Amy Schalet is an assistant professor of sociology at the University of Massachusetts, Amherst. She received her Ph.D. in Sociology from the University of California, Berkeley and a Bachelor’s degree in Social Studies from Harvard University. Dr. Schalet’s research has focused on sexuality and culture and she has authored several publications on comparative adolescent sexuality. Her book, Not Under My Roof: Parents, Teens, and the Culture of Sex, to be published by the University of Chicago Press, examines approaches to adolescent sexuality in American and Dutch families. Prior to coming to the University of Massachusetts, Dr. Schalet held a three-year postdoctoral fellowship at the School of Medicine at the University of California, San Francisco, where she pursued the public health and policy implications of her research on adolescent sexual health. Dr. Schalet has given plenary addresses at sexual and reproductive health conferences, including the CDC Conference on STD-Prevention. She was recently awarded a grant by the Ford Foundation entitled, “Advancing Sexuality Education, Health and Policy Using a New ABCD for Adolescent Sexuality” which will expand previous work with physicians to educators, administrators, and school-based nurses.

 

Bethany Stevens, JD, MA, Featured Speaker

Bethany Stevens is a faculty member and policy analyst for the Center for Leadership in Disability in the Institute of Public Health at Georgia State University. She develops and implements graduate coursework in disability policy and disparities in sexual health, as well as undergraduate coursework in disability studies. Before joining the faculty at Georgia State University, Stevens served as a Center of Excellence for Sexual Health Scholar under 16th Surgeon General Dr. David Satcher at Morehouse School of Medicine. She earned a B.A. in Art History and a J.D. at the University of Florida. She earned a M.A. in Sexuality Studies at San Francisco State University. Stevens is a member of the California Bar Association. Working in the realm of disability activism and scholarship for nearly a decade, Stevens emphatically identifies as an uppity queer crip.

 

Patrick Wilson, PhD, Featured Speaker

Patrick Wilson, PhD, focuses on research related to HIV risk and prevention, ethnicity, and sexuality among men who have sex with men (MSM) in the United States. Dr.
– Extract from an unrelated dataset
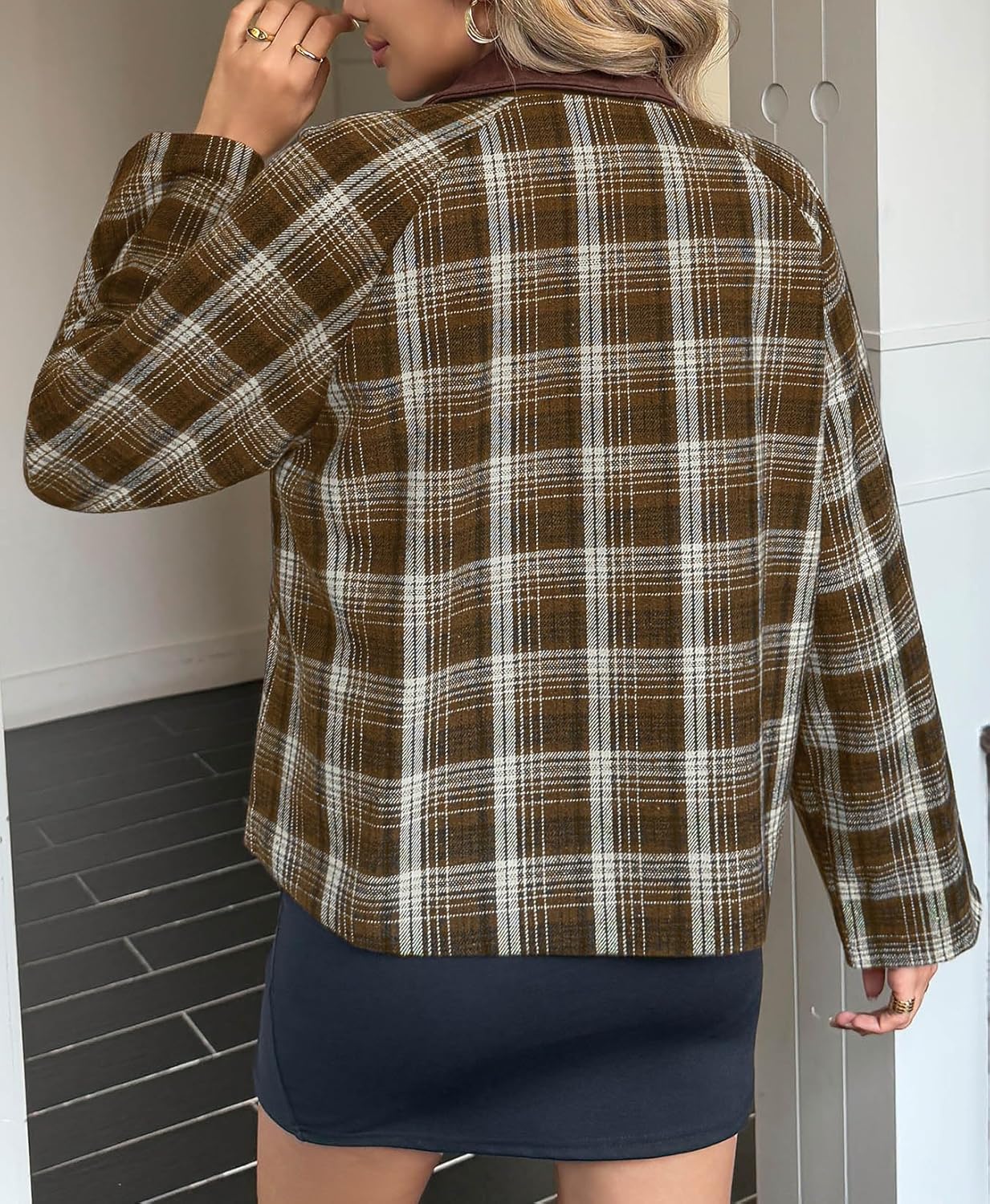 Tankaneo Womens Plaid Cropped Jackets Barn Lightweight Flannel Zip Up Utility Coat Casual Short Jacket with Pockets - Image 3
Wilson’s work falls into three broad topic areas including the intersecting roles that psychological factors (i.e., self-concept, identity, self-efficacy) and socio-contextual factors (i.e., social networks, discrimination and stigma, religion, trauma) play in explaining HIV risk and protective behaviors among ethnic minority MSM; the situational factors that may promote or prevent sexual risk-taking, substance use, and poor mental health among MSM; and the development, implementation, evaluation, and translation of primary and secondary HIV prevention interventions targeting youth and MSM. Cutting across these topical areas is his use of innovative and rigorous quantitative and qualitative methodologies to answer research questions of interest. Dr. Wilson’s research is supported by grants from the National Institutes of Health and the U.S. Centers for Disease Control and Prevention.